La vidéo ci-dessous est un exemple fort du cinéma. Cette scène du fabuleux V pour Vendetta mélange flashback «I felt like i could see everything that had happen… », scènes du présent, et enfin flashforward «…and everything that was going to happen. ». On ne parle pas de vision ici car l’inspecteur n’est pas sûr de lui, n’a même pas vraiment en tête les images qui nous sont dévoilées et qui s’enchaînent rapidement pour clarifier ses propos. Elles servent aussi à nous préparer à la fin de l’histoire.
Les visions
Une vision est au flashforward ce qu’un souvenir est au flashback. Forcément issu d’un personnage, cet effet le projette courtement dans le futur et lui indique ce qu’il va s’y passer. Il est moins présent que le souvenir car intervient comme un don. On le retrouve donc plutôt dans des histoires de science-fiction et de surnaturel qui vont se construire autour de ces événements perçus et de la manière dont le personnage va essayer de les contourner.

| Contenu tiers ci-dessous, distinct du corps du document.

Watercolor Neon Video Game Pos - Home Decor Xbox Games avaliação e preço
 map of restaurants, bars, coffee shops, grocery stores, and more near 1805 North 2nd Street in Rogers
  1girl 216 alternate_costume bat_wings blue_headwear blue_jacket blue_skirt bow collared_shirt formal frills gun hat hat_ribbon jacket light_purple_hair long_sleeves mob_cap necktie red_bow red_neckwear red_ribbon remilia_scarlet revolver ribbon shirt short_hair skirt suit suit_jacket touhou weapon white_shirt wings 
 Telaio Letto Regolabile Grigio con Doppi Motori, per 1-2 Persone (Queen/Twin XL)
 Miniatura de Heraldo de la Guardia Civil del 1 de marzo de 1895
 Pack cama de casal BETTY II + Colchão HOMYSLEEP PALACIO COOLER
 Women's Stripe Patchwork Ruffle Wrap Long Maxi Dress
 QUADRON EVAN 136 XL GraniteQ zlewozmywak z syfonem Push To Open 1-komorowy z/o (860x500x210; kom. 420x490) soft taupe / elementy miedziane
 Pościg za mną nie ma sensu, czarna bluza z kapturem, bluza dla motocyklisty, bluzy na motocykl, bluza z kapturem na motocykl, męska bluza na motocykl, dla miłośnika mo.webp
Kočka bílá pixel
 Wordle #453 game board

Dead Zone raconte la vie de Johnny Smith qui, après un accident qui lui laisse des séquelles neurologiques, est doté de visions. Ainsi, par un simple contact physique, il parvient à savoir ce qu’il va se passer pour les personnes qui l’entourent et ce qu’il s’est passé pour eux. Ce nouveau pouvoir lui permet d’essayer de changer le cours des choses pour les tourner à son avantage.